The bill provides that a new paragraph 5 should be added to Article 387 of the applicable Criminal Code, which will read as follows: “Anyone who publicly approves, denies the existence or significantly reduces the weight of genocide, crimes against humanity and war crimes committed against a group of persons or a member of a group determined on the basis of race, colour, religion, origin, state, national or ethnic affiliation, in a way that can lead to violence or incitement of hatred against such a group of persons or member of that group, if those offenses have been established by a final judgment of a court in Serbia or the International Criminal Court, shall be punished by imprisonment for six months to five years.”
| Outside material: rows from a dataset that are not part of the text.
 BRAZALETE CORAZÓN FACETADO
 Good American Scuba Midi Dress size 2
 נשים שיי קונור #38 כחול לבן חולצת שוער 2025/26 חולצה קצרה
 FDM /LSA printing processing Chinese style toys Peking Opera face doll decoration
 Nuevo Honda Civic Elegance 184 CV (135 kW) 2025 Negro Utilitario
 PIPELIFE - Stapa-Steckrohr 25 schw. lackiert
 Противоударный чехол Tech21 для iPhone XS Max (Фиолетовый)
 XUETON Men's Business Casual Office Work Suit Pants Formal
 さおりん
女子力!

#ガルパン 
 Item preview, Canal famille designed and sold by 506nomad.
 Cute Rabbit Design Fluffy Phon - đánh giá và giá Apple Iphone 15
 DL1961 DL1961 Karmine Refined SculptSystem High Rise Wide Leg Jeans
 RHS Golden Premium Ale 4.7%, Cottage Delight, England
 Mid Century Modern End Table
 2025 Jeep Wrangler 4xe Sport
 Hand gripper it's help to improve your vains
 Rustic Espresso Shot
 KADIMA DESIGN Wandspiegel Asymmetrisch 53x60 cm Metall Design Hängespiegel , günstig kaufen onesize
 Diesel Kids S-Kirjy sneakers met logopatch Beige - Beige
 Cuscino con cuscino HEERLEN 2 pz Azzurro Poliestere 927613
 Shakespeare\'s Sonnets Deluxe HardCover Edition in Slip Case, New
Excluding from the qualifying cause those crimes established by the ICTY, the Bill allows for the denial and public approval of the Srebrenica genocide, the crimes at Ovčara, the mass crimes committed in Prijedor, Markale, Meja and Korenica, Izbica and many other places during the wars in the former Yugoslavia. The HLC would like to point out that Serbia committed itself to respect the decisions of the International Criminal Tribunal under the Law on Cooperation with the ICTY.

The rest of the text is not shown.